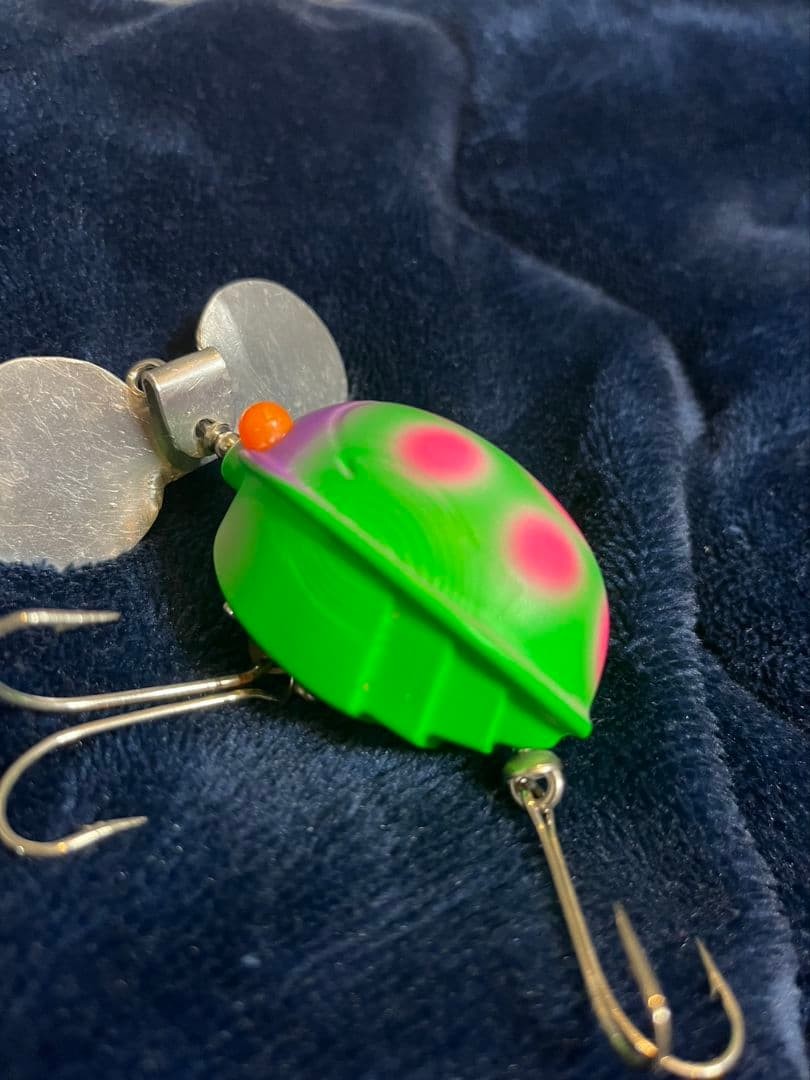 Frog s Ladybug - Image 5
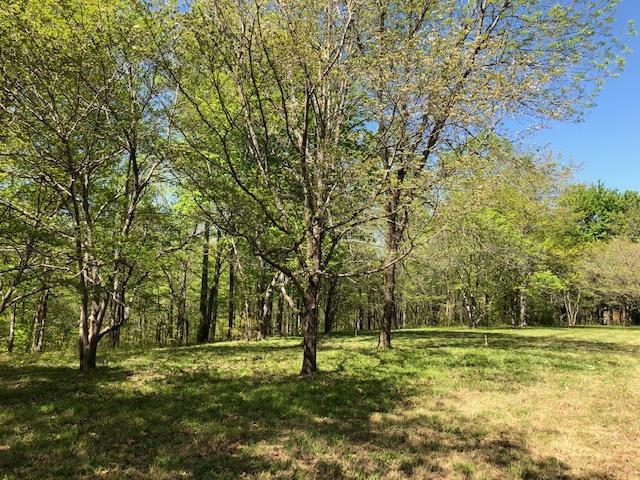 7950 Fisher Rd Lot #3 - Photo 1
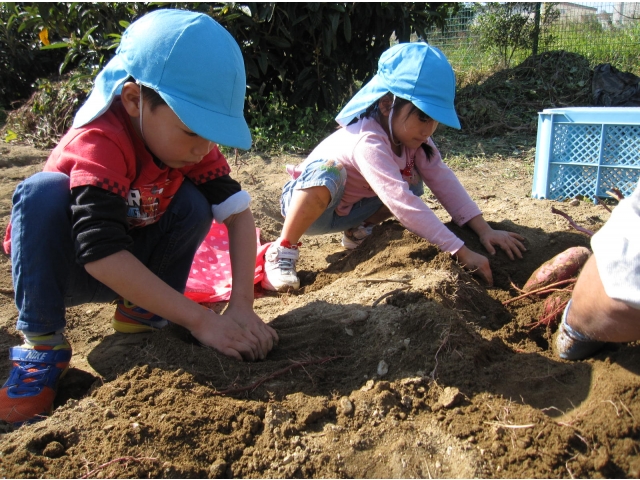 よいしょ、よいしょ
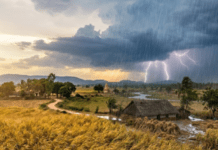 ಬೆಂಗಳೂರಿಗರಿಗೆ ಬಿಗ್ ಶಾಕ್; ಸಿಲಿಕಾನ್ ಸಿಟಿಯಲ್ಲಿ ಇನ್ನಷ್ಟು ಹೆಚ್ಚಾಗಲಿದೆ ಸೂರ್ಯನ ಶಾಖ! ಎಲ್ಲೆಲ್ಲಿ ‘ಯೆಲ್ಲೋ ಅಲರ್ಟ್’, IMD ಎಚ್ಚರಿಕೆ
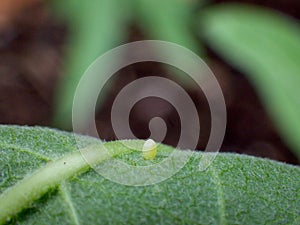 Western Monarch Butterfly Egg laid on the Lower Side of a Showy Milkweed Leaf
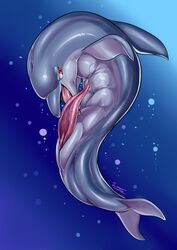 2017 absurd_res animal_genitalia animal_penis anus auto_penis_lick blue_background bubble cetacean cetacean_penis cum cumshot delphinoid ejaculation erection fin genital_slit hi_res licking male male_only mammal marine masturbation open_mouth oral oral_masturbation orgasm penile_masturbation penis pink_penis red_eyes saliva sharp_teeth simple_background slit solo tamanosuke tapering_penis teeth tongue tongue_out toothed_whale underwater water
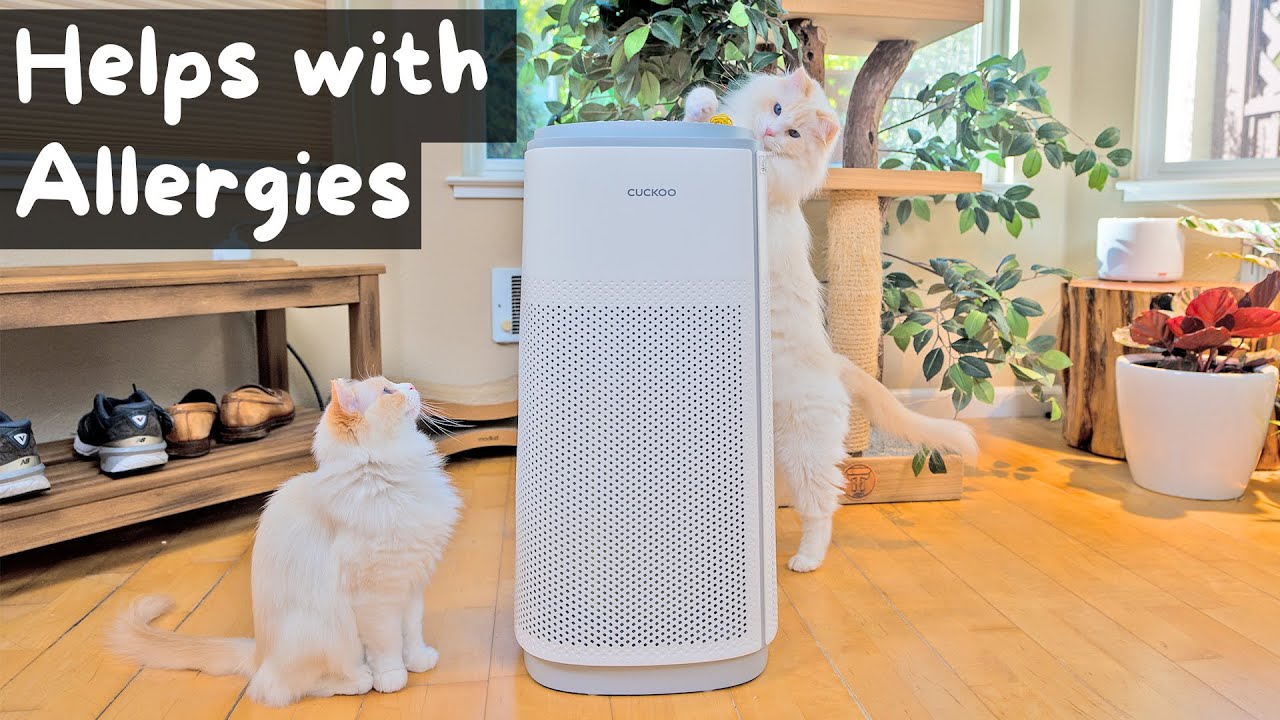 How Does An Air Purifier Work (Remove Pet Dander, Dust, Pollen, and More) | The Cat Butler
____________________
Repeat the entries exactly as they are given, leaving out each image.

 Frog s Ladybug - Image 5
 7950 Fisher Rd Lot #3 - Photo 1
 よいしょ、よいしょ
 ಬೆಂಗಳೂರಿಗರಿಗೆ ಬಿಗ್ ಶಾಕ್; ಸಿಲಿಕಾನ್ ಸಿಟಿಯಲ್ಲಿ ಇನ್ನಷ್ಟು ಹೆಚ್ಚಾಗಲಿದೆ ಸೂರ್ಯನ ಶಾಖ! ಎಲ್ಲೆಲ್ಲಿ ‘ಯೆಲ್ಲೋ ಅಲರ್ಟ್’, IMD ಎಚ್ಚರಿಕೆ
 Western Monarch Butterfly Egg laid on the Lower Side of a Showy Milkweed Leaf
 2017 absurd_res animal_genitalia animal_penis anus auto_penis_lick blue_background bubble cetacean cetacean_penis cum cumshot delphinoid ejaculation erection fin genital_slit hi_res licking male male_only mammal marine masturbation open_mouth oral oral_masturbation orgasm penile_masturbation penis pink_penis red_eyes saliva sharp_teeth simple_background slit solo tamanosuke tapering_penis teeth tongue tongue_out toothed_whale underwater water
 How Does An Air Purifier Work (Remove Pet Dander, Dust, Pollen, and More) | The Cat Butler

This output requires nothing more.